Task instructions:
Set down exactly the lines below, from the one containing "Matsumoto Sake Tasting Walking Tour" through the final line, and include no others.

Supplied information:
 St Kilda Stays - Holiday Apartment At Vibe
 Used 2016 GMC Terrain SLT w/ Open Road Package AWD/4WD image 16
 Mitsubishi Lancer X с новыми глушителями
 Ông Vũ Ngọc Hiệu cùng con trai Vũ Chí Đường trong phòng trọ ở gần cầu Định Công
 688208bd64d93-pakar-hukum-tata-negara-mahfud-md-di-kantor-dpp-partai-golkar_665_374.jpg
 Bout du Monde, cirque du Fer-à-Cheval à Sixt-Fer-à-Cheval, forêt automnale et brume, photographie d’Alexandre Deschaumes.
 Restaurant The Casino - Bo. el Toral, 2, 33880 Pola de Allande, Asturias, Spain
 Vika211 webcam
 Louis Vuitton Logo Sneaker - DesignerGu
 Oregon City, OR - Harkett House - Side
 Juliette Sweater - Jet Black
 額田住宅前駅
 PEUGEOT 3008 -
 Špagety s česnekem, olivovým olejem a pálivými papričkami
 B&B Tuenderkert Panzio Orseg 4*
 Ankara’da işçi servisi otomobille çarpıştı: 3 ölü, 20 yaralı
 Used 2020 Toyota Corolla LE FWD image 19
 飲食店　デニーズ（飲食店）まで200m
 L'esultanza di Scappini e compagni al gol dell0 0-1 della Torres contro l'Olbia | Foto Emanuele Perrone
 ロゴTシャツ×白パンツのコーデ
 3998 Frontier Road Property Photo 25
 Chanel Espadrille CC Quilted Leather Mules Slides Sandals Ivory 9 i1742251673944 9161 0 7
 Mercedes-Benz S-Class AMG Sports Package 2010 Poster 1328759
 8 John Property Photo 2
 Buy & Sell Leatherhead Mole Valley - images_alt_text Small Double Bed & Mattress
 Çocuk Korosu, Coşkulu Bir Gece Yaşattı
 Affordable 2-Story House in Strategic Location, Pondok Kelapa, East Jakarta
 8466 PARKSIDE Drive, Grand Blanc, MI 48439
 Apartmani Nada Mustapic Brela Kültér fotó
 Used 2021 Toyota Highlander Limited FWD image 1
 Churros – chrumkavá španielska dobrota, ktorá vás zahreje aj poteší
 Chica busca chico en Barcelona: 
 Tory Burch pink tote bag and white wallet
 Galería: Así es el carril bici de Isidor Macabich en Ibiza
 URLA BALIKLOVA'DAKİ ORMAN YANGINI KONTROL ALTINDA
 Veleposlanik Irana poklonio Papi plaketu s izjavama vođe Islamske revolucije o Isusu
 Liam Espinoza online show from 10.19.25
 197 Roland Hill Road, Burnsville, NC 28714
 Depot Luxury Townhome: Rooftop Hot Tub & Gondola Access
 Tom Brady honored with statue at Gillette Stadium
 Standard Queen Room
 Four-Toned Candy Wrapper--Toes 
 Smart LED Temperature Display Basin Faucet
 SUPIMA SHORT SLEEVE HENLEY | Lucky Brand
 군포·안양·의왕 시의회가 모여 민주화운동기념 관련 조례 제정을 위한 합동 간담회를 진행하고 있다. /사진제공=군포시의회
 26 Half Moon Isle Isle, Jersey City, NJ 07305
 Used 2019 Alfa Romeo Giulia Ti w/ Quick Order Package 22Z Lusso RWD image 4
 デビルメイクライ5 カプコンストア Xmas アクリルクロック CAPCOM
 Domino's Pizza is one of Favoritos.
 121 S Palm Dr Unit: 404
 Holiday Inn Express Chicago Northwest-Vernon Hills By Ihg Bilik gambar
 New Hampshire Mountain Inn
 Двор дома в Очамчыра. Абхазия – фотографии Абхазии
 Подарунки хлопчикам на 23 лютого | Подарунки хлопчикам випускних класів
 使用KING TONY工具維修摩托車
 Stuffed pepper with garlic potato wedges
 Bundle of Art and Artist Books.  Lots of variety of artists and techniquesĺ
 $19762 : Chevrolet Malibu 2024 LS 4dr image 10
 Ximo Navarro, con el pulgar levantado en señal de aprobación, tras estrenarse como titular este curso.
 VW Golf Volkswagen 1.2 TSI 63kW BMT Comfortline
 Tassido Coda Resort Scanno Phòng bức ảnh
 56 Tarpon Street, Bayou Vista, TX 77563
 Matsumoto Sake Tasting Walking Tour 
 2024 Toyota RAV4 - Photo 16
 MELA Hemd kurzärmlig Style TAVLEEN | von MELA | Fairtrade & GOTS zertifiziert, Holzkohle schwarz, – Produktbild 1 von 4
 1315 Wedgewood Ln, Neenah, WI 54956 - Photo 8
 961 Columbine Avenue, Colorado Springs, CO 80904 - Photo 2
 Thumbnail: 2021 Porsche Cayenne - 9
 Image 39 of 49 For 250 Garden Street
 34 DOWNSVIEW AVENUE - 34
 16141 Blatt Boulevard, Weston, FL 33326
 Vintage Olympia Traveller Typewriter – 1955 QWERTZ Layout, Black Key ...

Written response:
 Matsumoto Sake Tasting Walking Tour 
 2024 Toyota RAV4 - Photo 16
 MELA Hemd kurzärmlig Style TAVLEEN | von MELA | Fairtrade & GOTS zertifiziert, Holzkohle schwarz, – Produktbild 1 von 4
 1315 Wedgewood Ln, Neenah, WI 54956 - Photo 8
 961 Columbine Avenue, Colorado Springs, CO 80904 - Photo 2
 Thumbnail: 2021 Porsche Cayenne - 9
 Image 39 of 49 For 250 Garden Street
 34 DOWNSVIEW AVENUE - 34
 16141 Blatt Boulevard, Weston, FL 33326
 Vintage Olympia Traveller Typewriter – 1955 QWERTZ Layout, Black Key ...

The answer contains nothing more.